## Exercise:
Among the records below, one line contains "REVERSIBLE STRIPED BEACH TOWEL"; copy that line and all that follow it, exactly as written.

## Supplied data:
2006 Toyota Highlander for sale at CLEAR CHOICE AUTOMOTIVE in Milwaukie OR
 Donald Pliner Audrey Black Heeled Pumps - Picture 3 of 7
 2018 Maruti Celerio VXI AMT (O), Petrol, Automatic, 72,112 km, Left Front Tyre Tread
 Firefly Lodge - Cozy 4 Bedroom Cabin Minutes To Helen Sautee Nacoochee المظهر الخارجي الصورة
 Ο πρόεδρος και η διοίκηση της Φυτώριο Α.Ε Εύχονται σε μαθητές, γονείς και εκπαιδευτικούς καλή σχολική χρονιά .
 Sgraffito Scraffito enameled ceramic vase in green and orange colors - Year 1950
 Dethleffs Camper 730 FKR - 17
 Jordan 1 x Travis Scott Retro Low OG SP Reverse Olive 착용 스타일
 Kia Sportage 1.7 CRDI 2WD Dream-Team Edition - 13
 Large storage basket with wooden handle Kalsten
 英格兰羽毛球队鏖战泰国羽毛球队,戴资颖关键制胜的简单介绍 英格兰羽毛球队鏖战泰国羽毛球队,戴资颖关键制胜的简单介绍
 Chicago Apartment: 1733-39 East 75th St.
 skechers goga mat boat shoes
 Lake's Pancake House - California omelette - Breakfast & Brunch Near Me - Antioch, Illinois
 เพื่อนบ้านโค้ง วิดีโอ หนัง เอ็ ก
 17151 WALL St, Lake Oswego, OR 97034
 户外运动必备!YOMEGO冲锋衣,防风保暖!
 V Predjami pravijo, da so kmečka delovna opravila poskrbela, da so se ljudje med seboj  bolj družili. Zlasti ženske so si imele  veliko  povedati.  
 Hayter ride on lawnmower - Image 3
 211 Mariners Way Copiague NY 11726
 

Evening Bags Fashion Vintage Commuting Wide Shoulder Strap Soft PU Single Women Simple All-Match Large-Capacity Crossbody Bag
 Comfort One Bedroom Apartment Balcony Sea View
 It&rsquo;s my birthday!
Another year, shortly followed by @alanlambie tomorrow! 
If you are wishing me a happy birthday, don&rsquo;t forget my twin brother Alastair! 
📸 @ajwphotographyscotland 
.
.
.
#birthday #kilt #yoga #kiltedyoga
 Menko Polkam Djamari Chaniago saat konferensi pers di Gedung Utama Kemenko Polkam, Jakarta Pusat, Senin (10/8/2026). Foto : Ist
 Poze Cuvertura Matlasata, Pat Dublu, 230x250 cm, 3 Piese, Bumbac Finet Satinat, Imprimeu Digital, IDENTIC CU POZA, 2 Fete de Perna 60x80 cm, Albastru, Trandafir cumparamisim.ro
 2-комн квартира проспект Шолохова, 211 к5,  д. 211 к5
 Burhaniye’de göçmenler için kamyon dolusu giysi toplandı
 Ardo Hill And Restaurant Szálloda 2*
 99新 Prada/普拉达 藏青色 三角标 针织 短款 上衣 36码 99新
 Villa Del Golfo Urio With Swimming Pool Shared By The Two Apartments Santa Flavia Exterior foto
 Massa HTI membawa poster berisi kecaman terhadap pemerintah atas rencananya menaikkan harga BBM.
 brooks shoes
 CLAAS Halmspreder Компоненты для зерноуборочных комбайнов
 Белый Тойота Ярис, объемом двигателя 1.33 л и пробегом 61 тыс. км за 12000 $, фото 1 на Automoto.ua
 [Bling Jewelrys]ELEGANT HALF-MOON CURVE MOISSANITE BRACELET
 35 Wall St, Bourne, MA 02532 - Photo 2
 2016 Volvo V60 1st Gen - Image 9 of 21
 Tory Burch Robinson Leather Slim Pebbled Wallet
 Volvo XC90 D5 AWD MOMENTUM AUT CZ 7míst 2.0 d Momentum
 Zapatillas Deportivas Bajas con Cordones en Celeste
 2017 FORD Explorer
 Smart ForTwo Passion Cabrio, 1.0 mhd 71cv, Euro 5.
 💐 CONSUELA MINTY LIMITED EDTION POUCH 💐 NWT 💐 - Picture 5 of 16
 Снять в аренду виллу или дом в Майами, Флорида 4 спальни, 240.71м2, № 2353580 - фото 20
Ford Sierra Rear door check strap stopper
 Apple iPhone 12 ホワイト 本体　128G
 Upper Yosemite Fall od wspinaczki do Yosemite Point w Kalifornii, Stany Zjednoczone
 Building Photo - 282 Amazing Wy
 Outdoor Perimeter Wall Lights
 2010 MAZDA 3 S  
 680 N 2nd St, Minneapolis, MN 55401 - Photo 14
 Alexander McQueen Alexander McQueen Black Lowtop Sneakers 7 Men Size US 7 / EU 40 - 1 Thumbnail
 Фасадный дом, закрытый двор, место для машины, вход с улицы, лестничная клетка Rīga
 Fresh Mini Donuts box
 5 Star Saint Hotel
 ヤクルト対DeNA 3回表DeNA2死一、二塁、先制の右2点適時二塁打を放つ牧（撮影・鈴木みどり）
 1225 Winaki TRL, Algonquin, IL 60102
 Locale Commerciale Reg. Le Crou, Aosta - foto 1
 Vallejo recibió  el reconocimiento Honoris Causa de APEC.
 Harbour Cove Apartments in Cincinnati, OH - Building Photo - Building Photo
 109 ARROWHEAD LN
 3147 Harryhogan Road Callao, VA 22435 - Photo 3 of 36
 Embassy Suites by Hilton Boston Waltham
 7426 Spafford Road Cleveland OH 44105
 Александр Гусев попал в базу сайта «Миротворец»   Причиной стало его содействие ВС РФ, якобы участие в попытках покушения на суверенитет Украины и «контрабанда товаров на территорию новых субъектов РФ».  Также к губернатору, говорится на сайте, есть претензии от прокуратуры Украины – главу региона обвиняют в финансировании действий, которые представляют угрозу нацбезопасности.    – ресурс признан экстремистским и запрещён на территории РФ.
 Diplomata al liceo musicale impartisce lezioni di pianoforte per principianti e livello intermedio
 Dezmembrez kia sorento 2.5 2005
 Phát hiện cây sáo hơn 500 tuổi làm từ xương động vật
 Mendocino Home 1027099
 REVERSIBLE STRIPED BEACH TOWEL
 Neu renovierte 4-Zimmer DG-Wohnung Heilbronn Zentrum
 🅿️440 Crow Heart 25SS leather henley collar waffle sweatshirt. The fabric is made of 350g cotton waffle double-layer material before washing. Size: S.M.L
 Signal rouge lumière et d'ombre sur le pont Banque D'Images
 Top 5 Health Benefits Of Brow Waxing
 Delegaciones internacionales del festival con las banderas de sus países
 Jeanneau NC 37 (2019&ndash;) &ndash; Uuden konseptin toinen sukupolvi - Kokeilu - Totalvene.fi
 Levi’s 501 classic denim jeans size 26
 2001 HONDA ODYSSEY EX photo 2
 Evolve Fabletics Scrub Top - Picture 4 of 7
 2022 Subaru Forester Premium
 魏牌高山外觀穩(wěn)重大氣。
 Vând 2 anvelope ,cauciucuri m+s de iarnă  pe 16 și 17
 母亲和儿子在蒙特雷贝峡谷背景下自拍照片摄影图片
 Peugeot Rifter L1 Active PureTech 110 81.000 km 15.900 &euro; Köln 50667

## Response area:
 REVERSIBLE STRIPED BEACH TOWEL
 Neu renovierte 4-Zimmer DG-Wohnung Heilbronn Zentrum
 🅿️440 Crow Heart 25SS leather henley collar waffle sweatshirt. The fabric is made of 350g cotton waffle double-layer material before washing. Size: S.M.L
 Signal rouge lumière et d'ombre sur le pont Banque D'Images
 Top 5 Health Benefits Of Brow Waxing
 Delegaciones internacionales del festival con las banderas de sus países
 Jeanneau NC 37 (2019&ndash;) &ndash; Uuden konseptin toinen sukupolvi - Kokeilu - Totalvene.fi
 Levi’s 501 classic denim jeans size 26
 2001 HONDA ODYSSEY EX photo 2
 Evolve Fabletics Scrub Top - Picture 4 of 7
 2022 Subaru Forester Premium
 魏牌高山外觀穩(wěn)重大氣。
 Vând 2 anvelope ,cauciucuri m+s de iarnă  pe 16 și 17
 母亲和儿子在蒙特雷贝峡谷背景下自拍照片摄影图片
 Peugeot Rifter L1 Active PureTech 110 81.000 km 15.900 &euro; Köln 50667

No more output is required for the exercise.